British politician and statesman

John King (1759–1830) was Under Secretary of State at the Home Office from 1791 and was briefly a Member of Parliament for Enniskillen in 1806.

==Life==
The fifth son of James King Dean of Raphoe and his wife Anne Walker, he was educated at Eton and matriculated at Christ Church, Oxford in 1777, graduating B.A. in 1781, M.A. in 1784.

King became a Home Office law clerk in January 1791. He had the support of William Grenville, 1st Baron Grenville, at that time Home Secretary, and at the end of the year became Permanent Under-Secretary of State for the Home Department. Under Grenville's successor Henry Dundas, King belonged to the circle gathering government intelligence across departments, including also Richard Ford, Francis Freeling, William Huskisson, Evan Nepean, and William Windham (later Charles William Flint). One surveillance operation in which he was involved was on Alfoxton House in August 1797, where William Wordsworth was staying, and about which James Walsh reported to King because of the presence of John Thelwall, an operation partly prompted by Dr. Daniel Lysons.
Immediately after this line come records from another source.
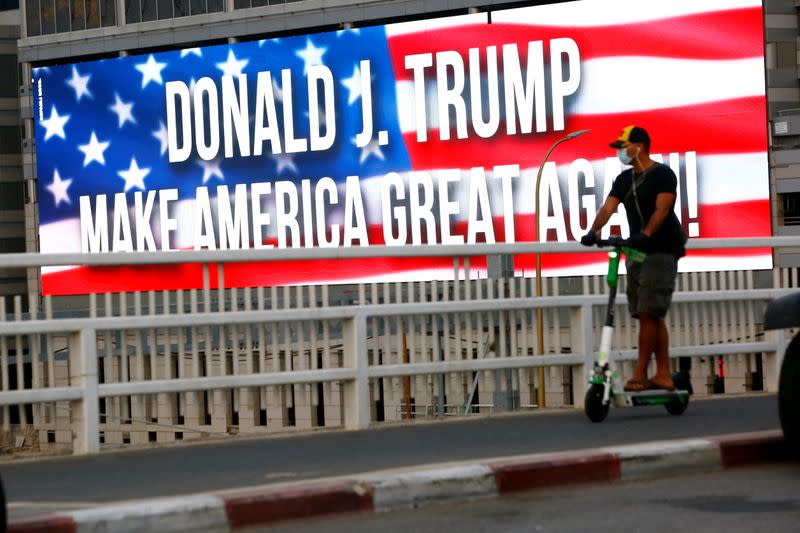 Pro-Trump banner hung in Tel Aviv ahead of upcoming U.S. election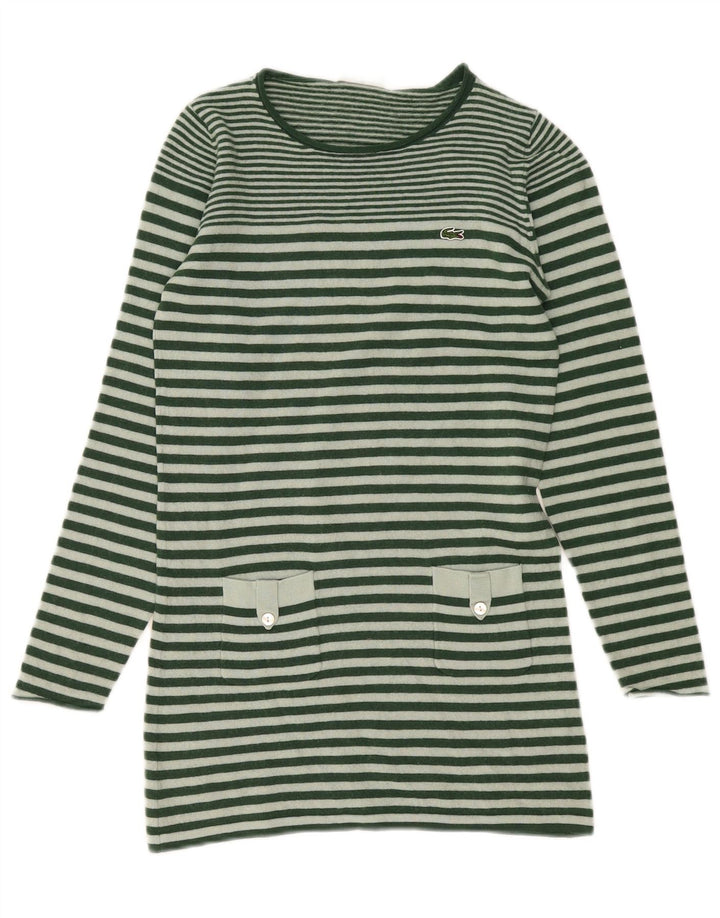 Maglione maglione da donna con scollo a barca Lacoste taglia 36 piccolo a righe verdi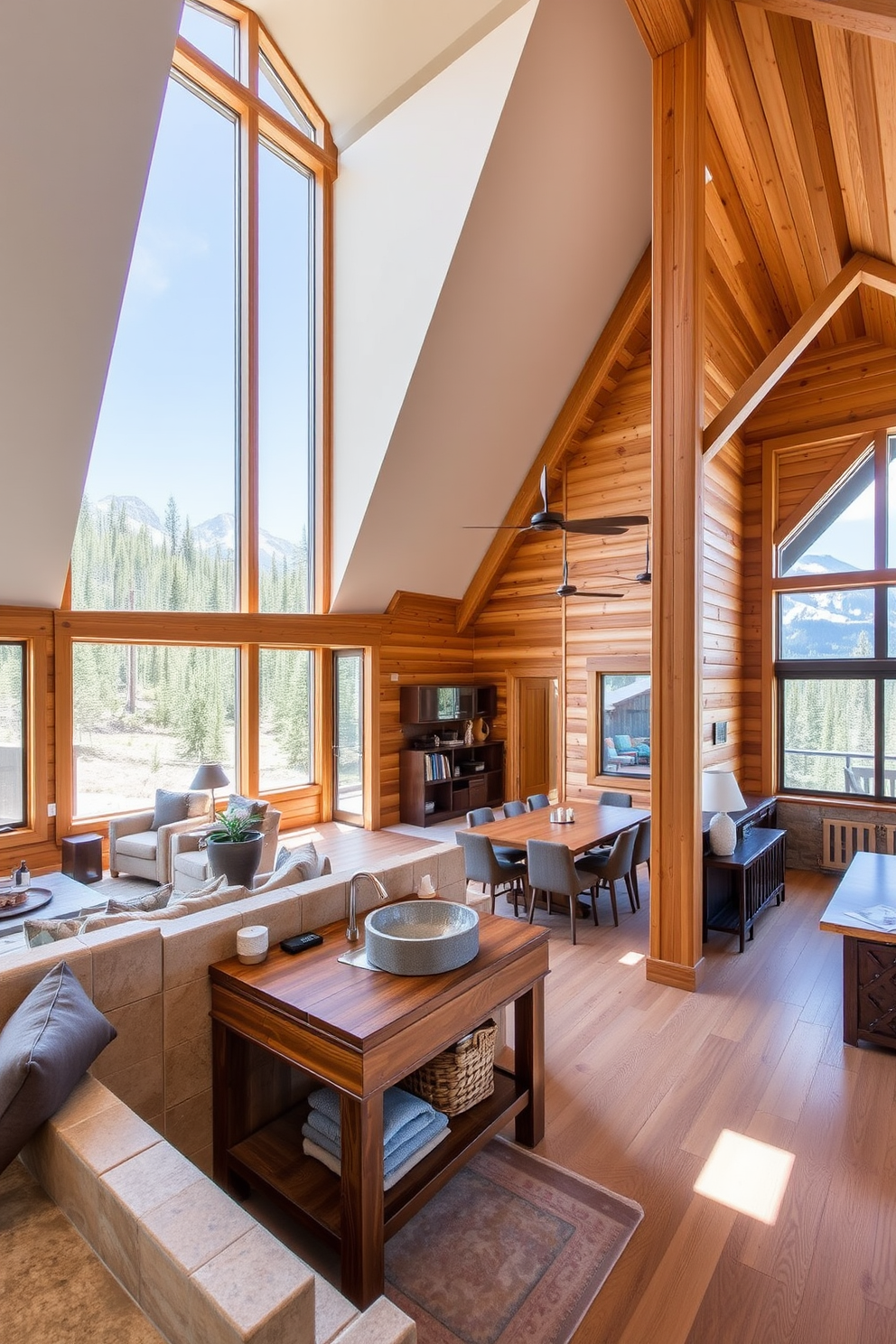 Open floor plan designed for a spacious feel with high ceilings and large windows allowing natural light to flood the space. The layout features a seamless flow between the living area, dining space, and kitchen, creating an inviting atmosphere. Mountain cabin bathroom design ideas that evoke a rustic charm with natural materials. The space includes a wooden vanity with a stone sink, surrounded by warm wood paneling and a large window showcasing a stunning mountain view.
Windham, a politician rather than an official, used King (an older Christ Church contemporary) as an intermediary with Grenville in 1792, when entering a covert role. In 1794 Nepean moved on from the Home Office, leaving King the senior of the Under-Secretaries of State, and he started to plan for a future seat in Parliament. After the passing of the Aliens Act 1793, King also worked in the Alien Office. From an initial task of dealing with correspondence, assigned at the end of 1794, he took on further duties as the Alien Office addressed intelligence needs and countered subversion. In 1798 he became a joint superintendent of aliens, with Flint and Wickham. He stayed at the Home Office until 1806, when Grenville became prime minister.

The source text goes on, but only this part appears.